Book Synopsis Wittenwiler's Ring, and the Anonymous Scots Poem Colkelbie Sow by : Heinrich Wittenweiler
Download or read book Wittenwiler's Ring, and the Anonymous Scots Poem Colkelbie Sow written by Heinrich Wittenweiler and published by . This book was released on 1956 with total page 274 pages. Available in PDF, EPUB and Kindle. Book excerpt:
Book Synopsis Festival and Fiction in Heinrich Wittenwiler's 'Ring' by : Rolf R. Mueller
Download or read book Festival and Fiction in Heinrich Wittenwiler's 'Ring' written by Rolf R. Mueller and published by John Benjamins Publishing. This book was released on 1977-01-01 with total page 165 pages. Available in PDF, EPUB and Kindle. Book excerpt: This volume investigates Heinrich Wittenwiler’s famous poem Ring. Main focus is the relation of the narrative to the traditional topoi of marriage, folly, and play.

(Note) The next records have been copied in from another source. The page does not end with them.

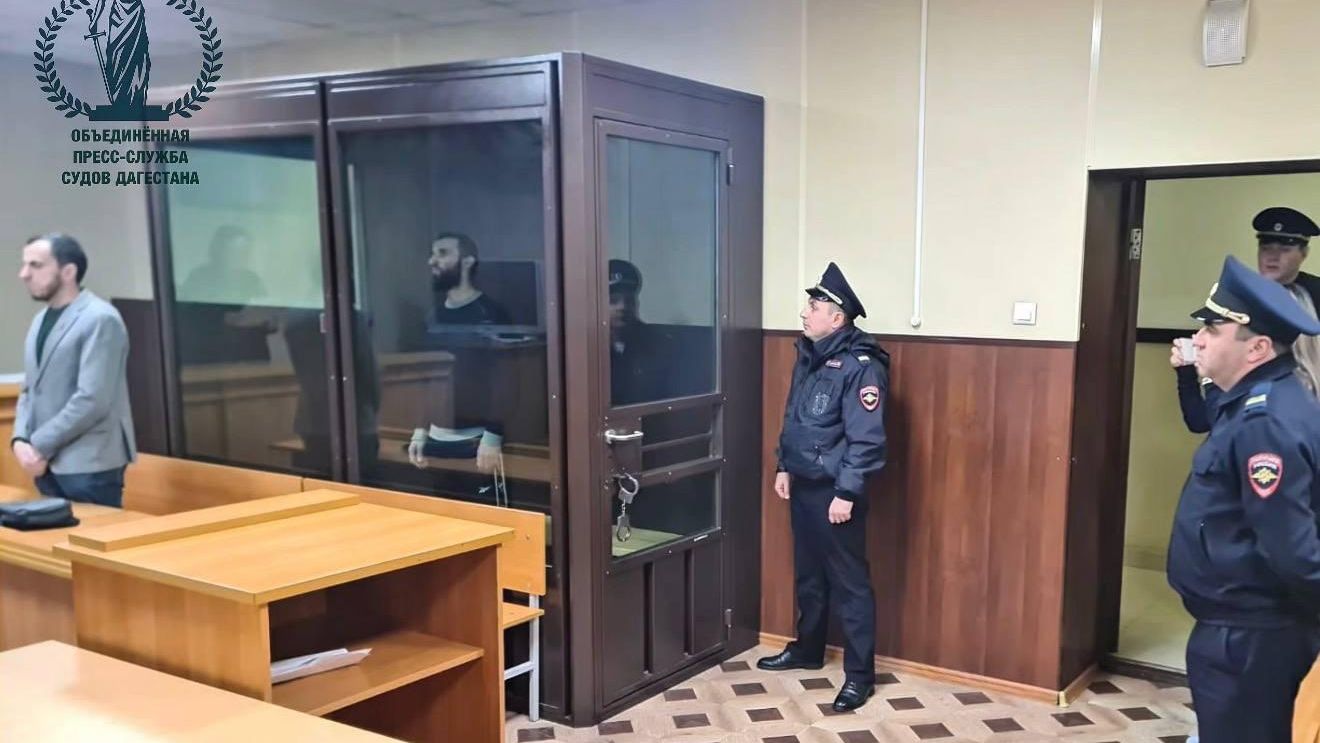Мужчина, напавший на врачей в больнице в Махачкале Мужчина, напавший на врачей в больнице в Махачкале - РИА Новости, 1920, 25.04.2026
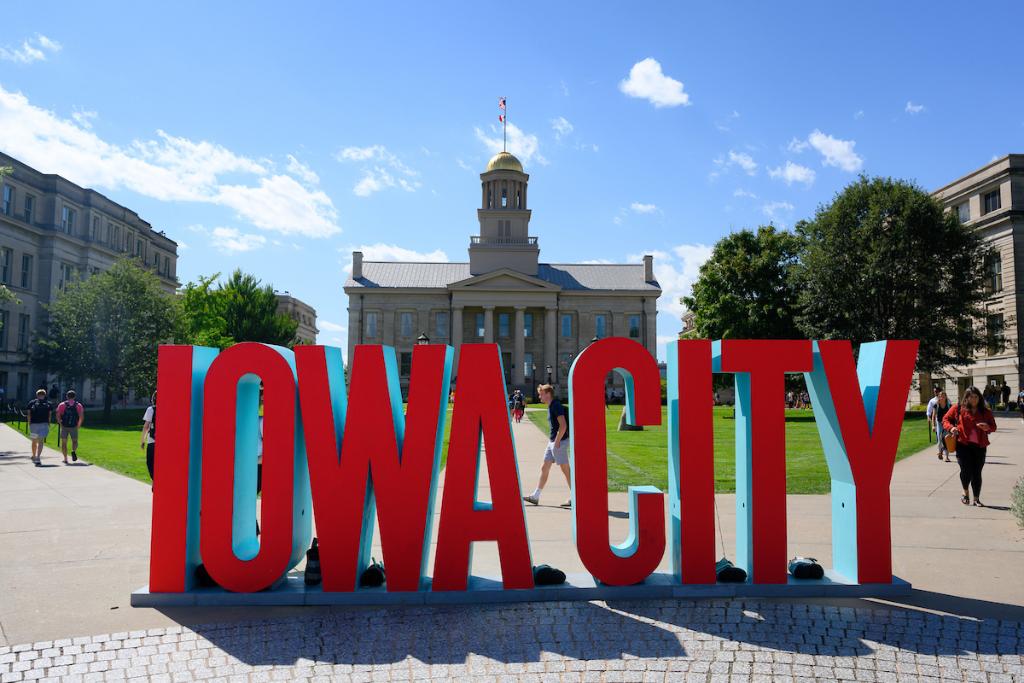 Dump trailer rental in Iowa City, Iowa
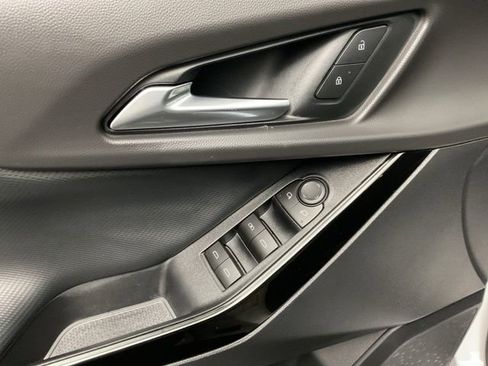 New 2026 Chevrolet Equinox LT w/ LPO, Floor Liner Package FWD image 10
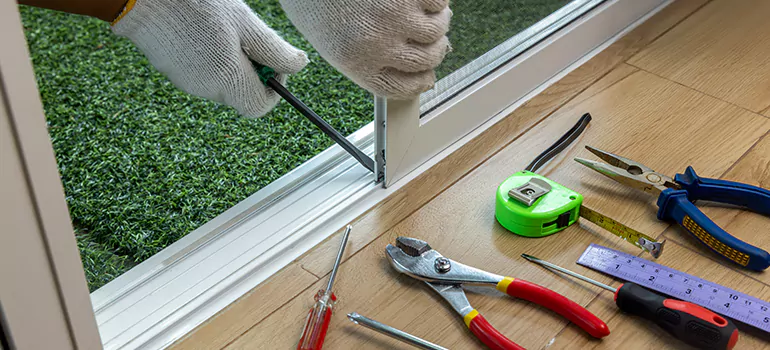 Window Hinge Repair in Winter Garden, FL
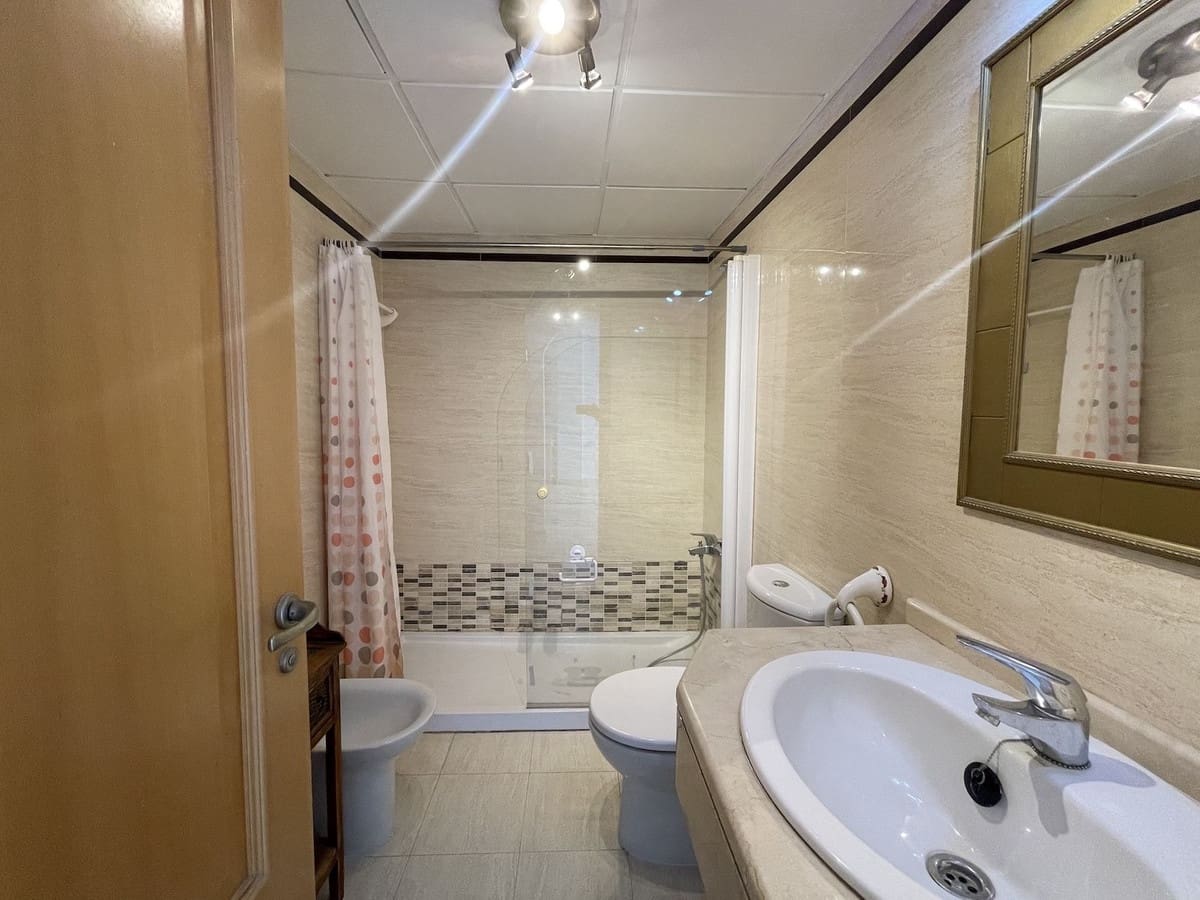 2 makuuhuone Huoneisto vuokrattavana paikassa Nerja mukana uima-altaan 
autotalli - 950 € (Ref: 9895386)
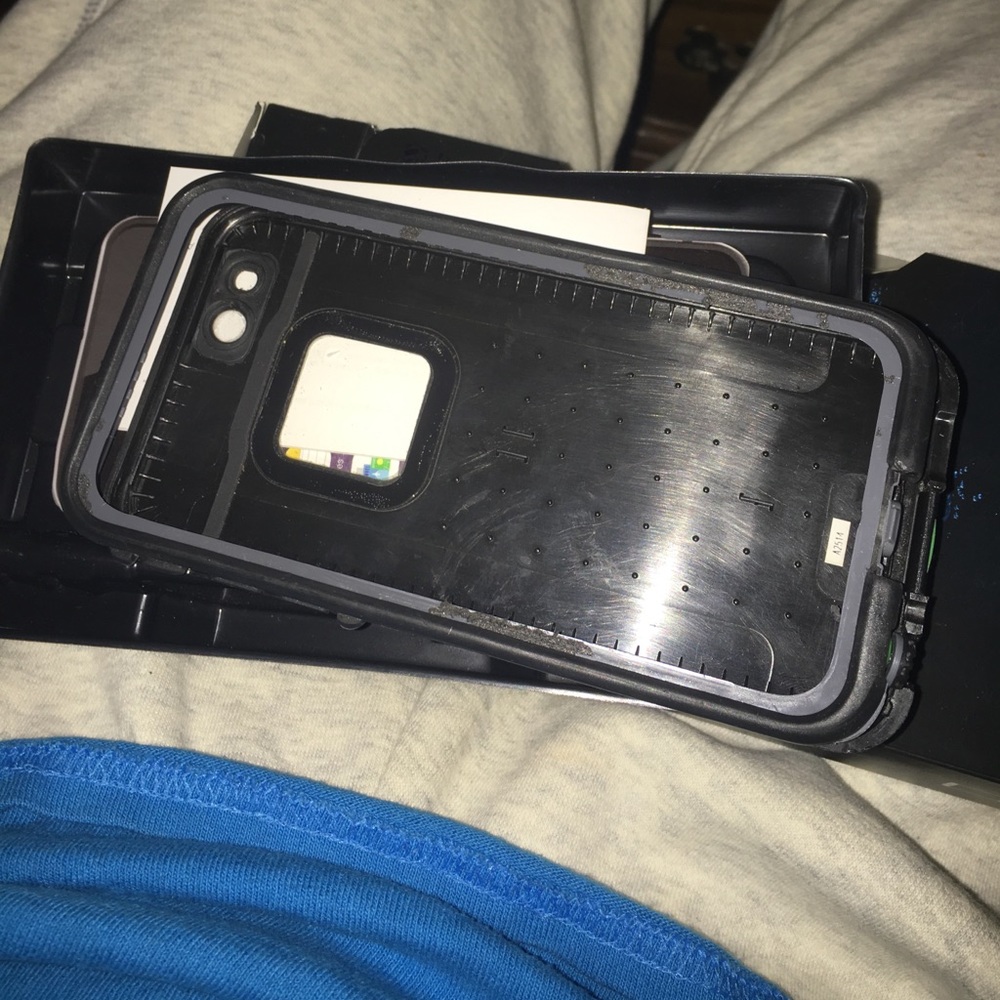 Lifeproof case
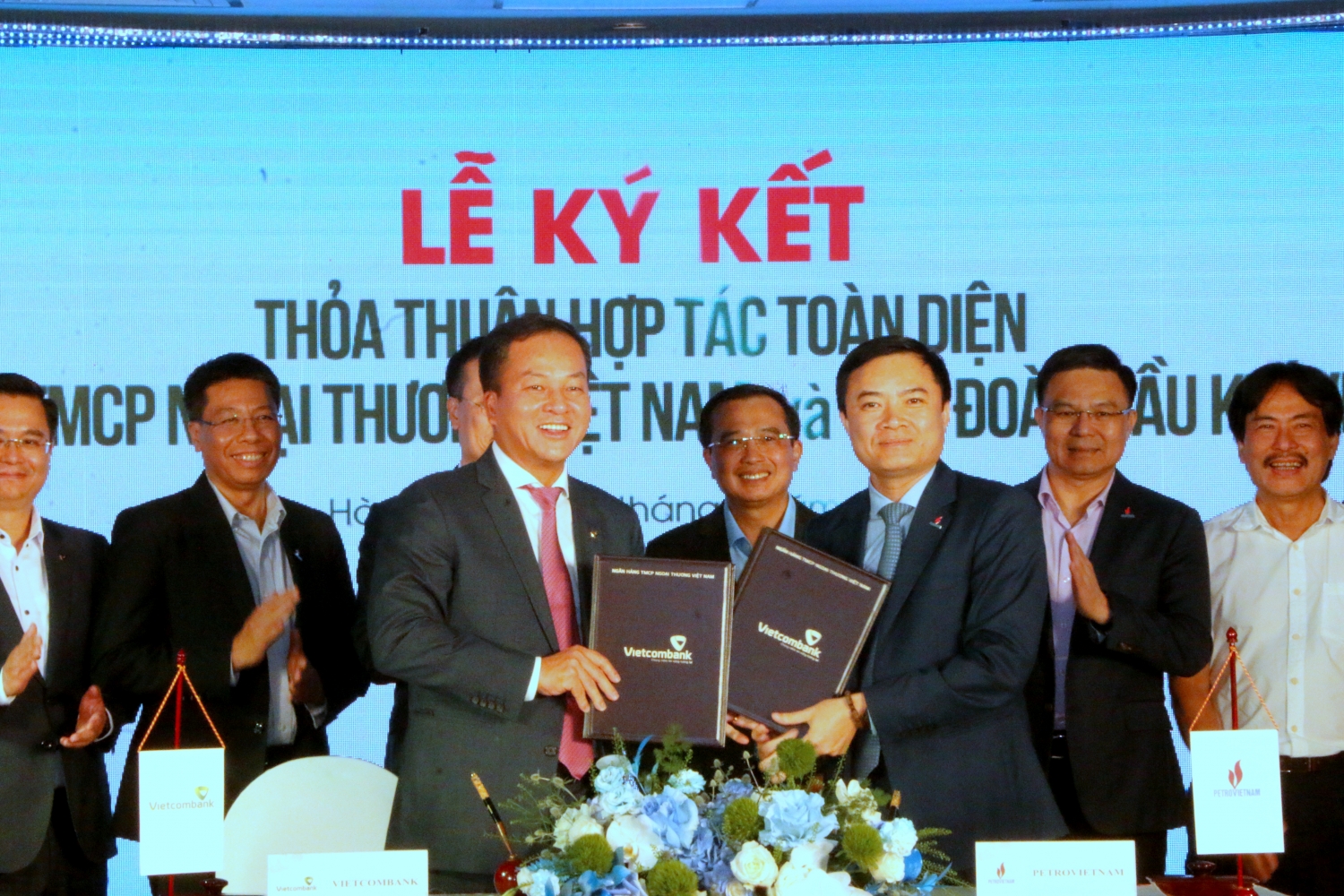 Petrovietnam và Vietcombank ký kết thỏa thuận hợp tác toàn diện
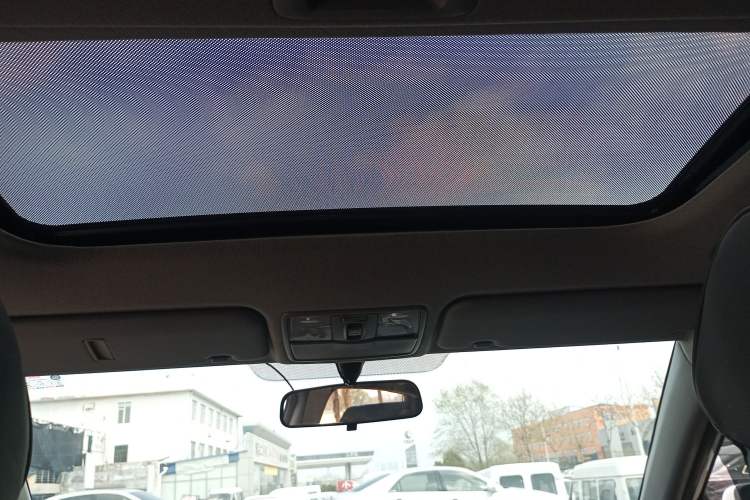 Used Hyundai Verna Ray 2014 1.4L Automatic GLX Headliner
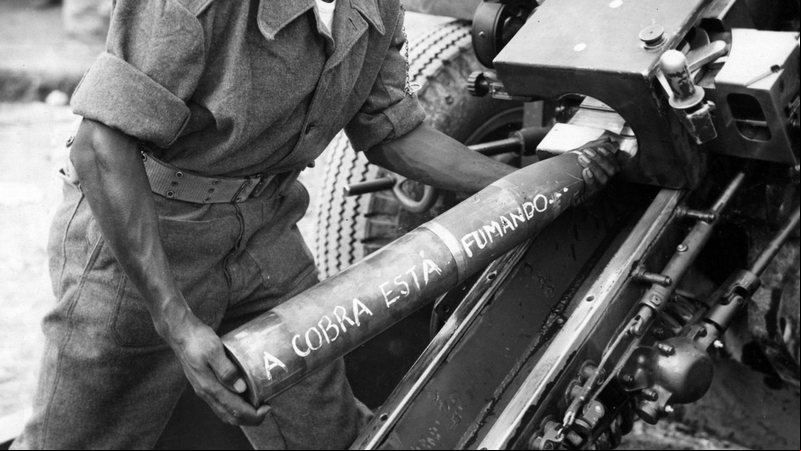 Pracinha brasileiro segura um projétil com a inscrição “A cobra está fumando" - Wikimedia Commons via Domínio Público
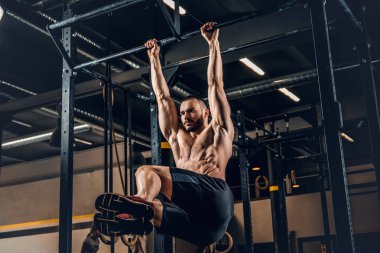 Sportif erkek abs antreman yapıyor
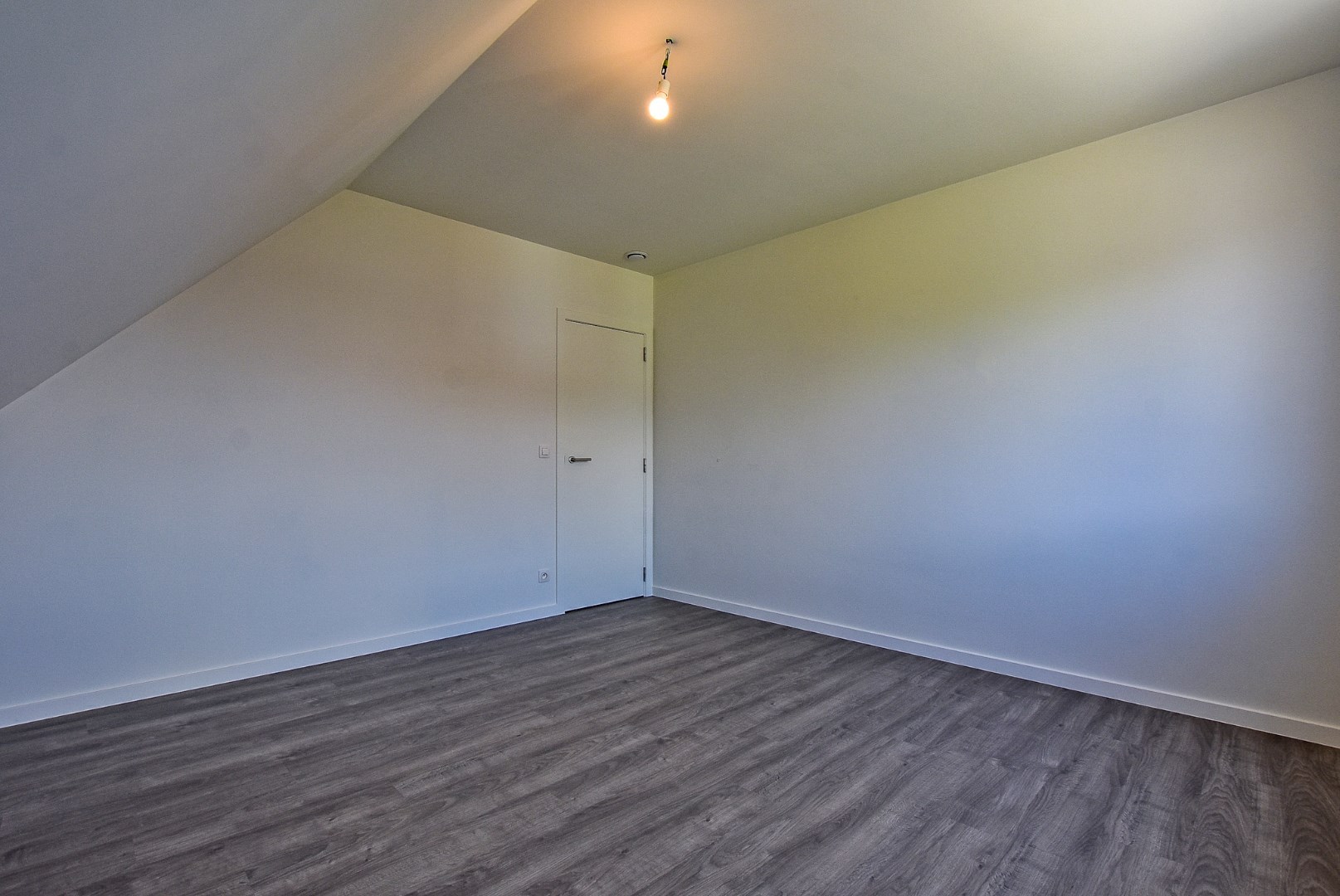 Ruime energiezuinige recente halfopen bebouwing  (2024) met inpandige garage op 258m² gelegen te Houthulst. 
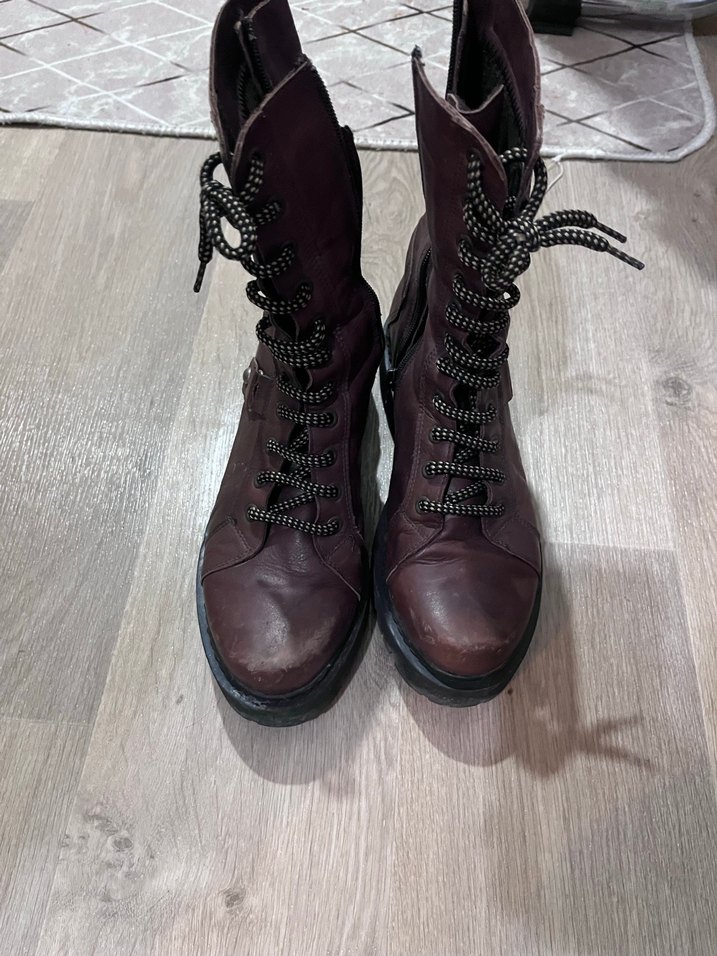 Kahverengi Deri Yüksek Topuklu Bağcıklı Botlar - Görsel 2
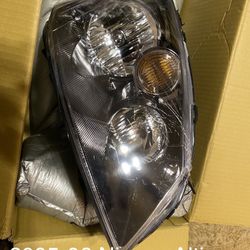 Nissan Altima Passenger Headlight 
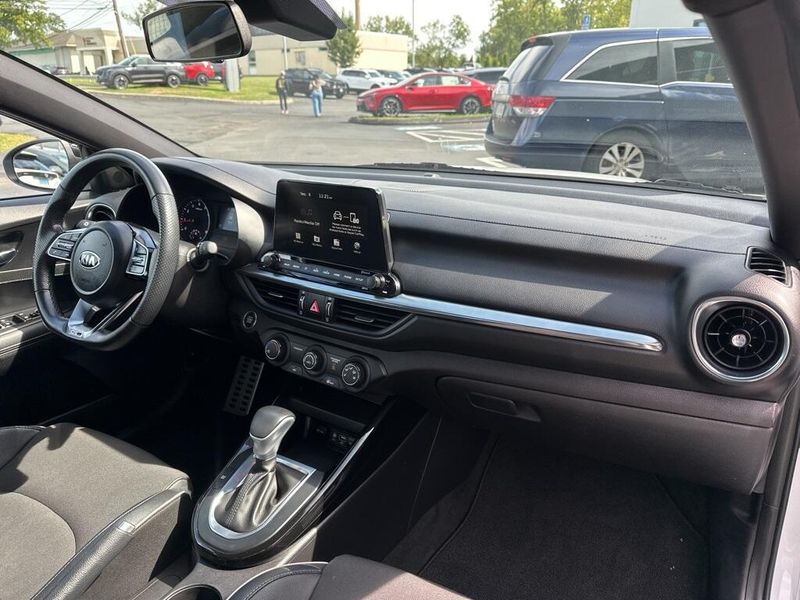 2021 Kia Forte GT-Line photo 16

Book Synopsis Routledge Revivals: Medieval Germany (2001) by : John M. Jeep
Download or read book Routledge Revivals: Medieval Germany (2001) written by John M. Jeep and published by Routledge. This book was released on 2017-07-05 with total page 1944 pages. Available in PDF, EPUB and Kindle. Book excerpt: First published in 2001, Medieval Germany: An Encyclopedia provides a comprehensive guide to the German and Dutch-speaking world in the Middle Ages, from approximately C.E. 500 to 1500. It offers detailed accounts of a wide variety of aspects of medieval Germany, including language, literature, architecture, politics, warfare, medicine, philosophy and religion. In addition, this reference work includes bibliographies and citations to aid further study. This A-Z encyclopedia, featuring over 500 entries written by expert contributors, will be of key interest to students and scholars, as well as general readers.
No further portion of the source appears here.